Dataset section:
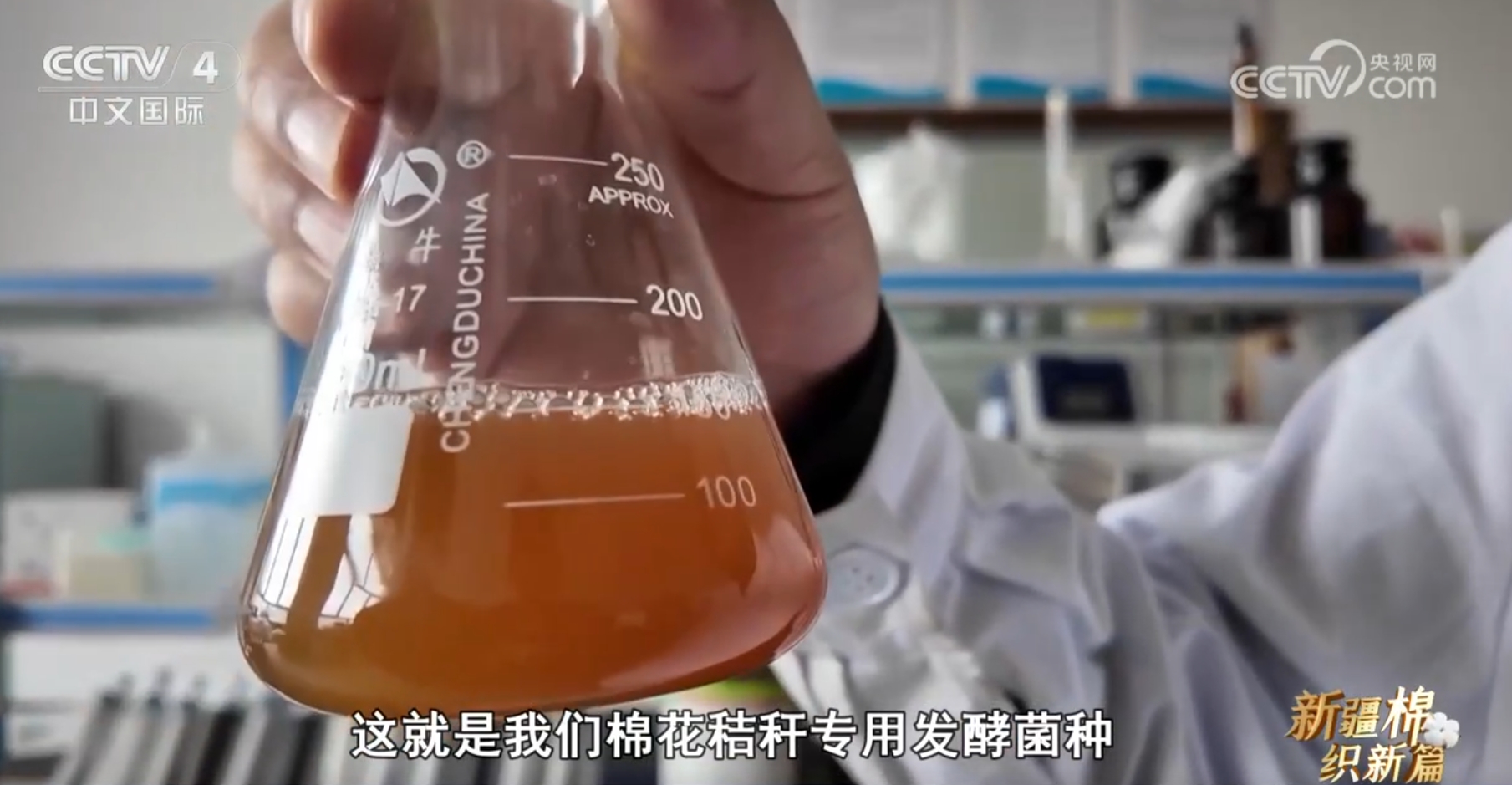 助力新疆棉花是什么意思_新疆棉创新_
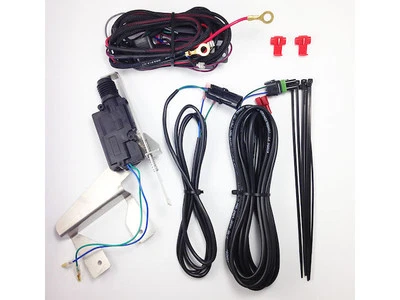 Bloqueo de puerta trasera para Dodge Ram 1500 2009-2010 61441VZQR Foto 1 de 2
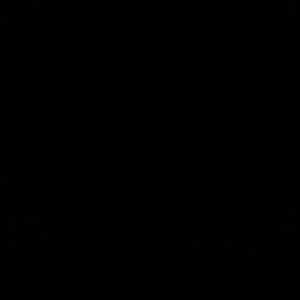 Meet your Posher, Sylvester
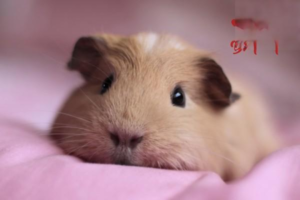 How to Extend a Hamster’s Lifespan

Your instructions: When you repeat the lines above, keep them exact and leave out each image they contain.

Completed task:
 助力新疆棉花是什么意思_新疆棉创新_
 Bloqueo de puerta trasera para Dodge Ram 1500 2009-2010 61441VZQR Foto 1 de 2
 Meet your Posher, Sylvester
 How to Extend a Hamster’s Lifespan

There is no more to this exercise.